The International Monetary Fund signaled Thursday it could release $1.7 billion in bailout funds next week to Ukraine as the country reels from civil war and seeks private-sector debt relief.
The IMF executive board is tentatively scheduled to meet on July 31 to decide on the second disbursement of the country's four-year support package, said Fund spokesman Gerry Rice.
Approval of the payout is "possible provided our usual conditions are met," Rice said at a regularly scheduled news conference.
In early July, the IMF said that the second disbursement would come after completion of certain, unspecified actions and in conditions that would allow IMF staff to assess whether Ukraine's public debt is sustainable "with high probability".
The IMF awarded Ukraine a four-year, $17.5 billion support program in March as its economy neared collapse after more than a year of civil war; an initial $5 billion was released.

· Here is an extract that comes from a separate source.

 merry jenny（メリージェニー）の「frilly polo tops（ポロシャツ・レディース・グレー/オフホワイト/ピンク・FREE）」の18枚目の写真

The Washington-based institution, with 188 member nations, originally conditioned its aid program on the country achieving a deal with private creditors that would reduce its debt payment burden by $15.3 billion over the coming four years.
Kiev has sought a write-off of some of the debt but the Ad Hoc Committee of Ukraine's Bondholders -- mainly four US investment and hedge funds -- say that lengthening the payment period on the debt would be enough to achieve the goals.
"The authorities and the ad hoc creditors committee have been making good progress in their discussions," Rice said, although no formal agreement has been reached.
"Further progress is expected by July 31," Rice said.
The IMF spokesman meanwhile warned that Kiev should "avoid policy reversals" on reforms demanded by the IMF in exchange for the bailout.
Asked about the IMF's seeming easier bailout approach with Ukraine compared with its hard line on Greece, Rice noted that they were "two very different countries -- very different set of circumstances".
"The government there (Ukraine) has made a commitment, they've been implementing reforms, there's been a lot of progress there," he said.